The anti-money laundering bill (Anti-Money Laundering and Countering the Financing of Terrorism (Amendment) Bill 2013 No. 12 of 2013) now before the National Assembly should have been tabled several years ago. Both this and the previous Governments were negligent in failing to do so in a timely manner. The Opposition has pointedly criticized this unwarranted delay. It is now time to move on.
The Opposition has a responsibility to ensure that the bill is passed with whatever amendments it negotiates with the Government or otherwise deems appropriate. It has the votes to amend any clause during consideration of the bill in the House.
Quite apart from the serious possibility of delay harming the business sector, thousands of Guyanese who rely on remittances can potentially be seriously deprived. Why would the Opposition, which has a responsibility not to do or omit to do anything to harm the national interest or the Guyanese people or a section of it, want to jeopardize its credibility by delaying passage of the bill, when it has had more than sufficient time to consider any amendments? The only possible conclusion is that it is blinkered by a one dimensional vision of its role to obstruct the Government at all costs and whatever the consequences.
Guyana cannot progress with a minority Government operating with a majority mindset, nor with an Opposi-tion which sees its function as only to ‘oppose,’ and ‘expose, if not to ‘depose’ in the famous, or infamous, words of Peter D’Aguiar, the late founder and leader of the United Force, about how he saw his role in relation to the PPP Government of 1961-4.
It could be that a more considered strategy by APNU is at play, namely, the assertion of complete Opposition authority over the executive, powered by its legislative majority or even, more modestly, pressuring what it sees as a recalcitrant executive into a more open, accommodating and consultative relationship. One of these limited and limiting objectives might possibly be the case, to the exclusion of any overarching considerations.
On August 17, 2002, Desmond Hoyte said at a PNCR press conference: “An adjusted system of governance for our country – whether we call it ‘power sharing,’ ‘shared governance,’ ‘inclusive governance’ or any other name – appears to be an idea whose time has come.” Some months later, on February 8, 2003, in a paper entitled “Towards Greater Inclusive Governance in Guyana,” President Jagdeo announced that “further arrangements for inclusive governance can result after consultation with our constituents and the electorate.”
No political initiatives resulted from these statements despite the enabling environment created by the post Herdmanston constitutional reforms of 2001-2 and the new parliamentary regime, armed with significant reforms. However, the 2011 election results have caused many to believe that the opportunity has arrived to satisfy the historic national urge for a re-creation of something akin to the broad-based ethnic and class collaboration achieved by the 1950 PPP. Efforts in the early 1960s, the second half of the 1970s, the mid 1980s did not succeed.

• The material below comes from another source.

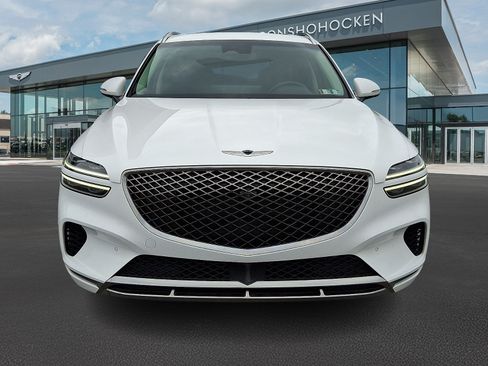 Used 2022 Genesis GV70 2.5T w/ Advanced Package AWD/4WD image 3
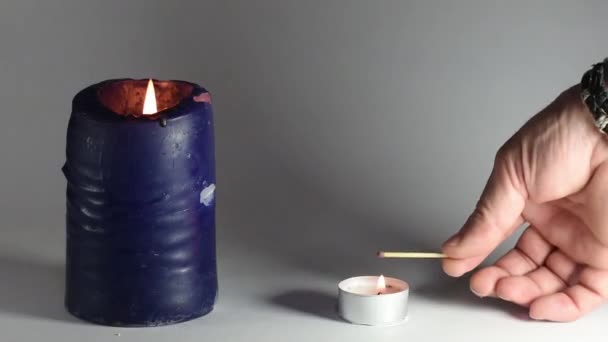 Movimiento lento de una vela con un fósforo mientras se enciende - Imágenes, Vídeo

APNU could not have failed to notice that the electorate, particularly that section that traditionally voted for the PPP, sent a loud and ringing message that while it wanted its Party, the PPP, to remain in office, it wanted it to initiate a form of structural collaboration with the Opposition, which has not happened. In fact, the PPP has grown defiant and has shattered Cheddi Jagan’s lifelong dream of national unity by turning its back on shared governance when the real possibility now presents itself for the first time since the idea of a coalition first emerged in the early 1960s.
All through this APNU has been silent. It has not dusted off the PNCR’s proposals for shared governance, has proposed no constitutional amendments to facilitate it, has not placed the issue on the agenda at all much less at the top. All that is seen is the same opposition to everything, in the same terms that has occurred in the past, with perhaps a bit more success. There has been no practical acknowledgement of the real significance of the 2011 results except the exercise of the blunt instrument of majority legislative power based on its only expressed assessment of 2011 – ‘we are the majority.’
The current strategy of APNU does not reflect the political transformation that the PNCR embraced under Desmond Hoyte of an open press, free and fair elections and shared governance, despite its controversial history. It seems that even though both the PNCR and the PPP have proved that they are capable of transformative initiatives, when presented with the real possibility, they retreat to a past trapped in intense hostility. The only conceivable explanation is that it is the unconscious political expression of a history of ethnic hurts.
The electorate has simplified the issue by charging our political leaders to place a shared political space at the top of the agenda without having to acknowledge the deeply embedded complications of ethnicity which our political leaders will not do. The electorate may well exact consequences if this does not happen.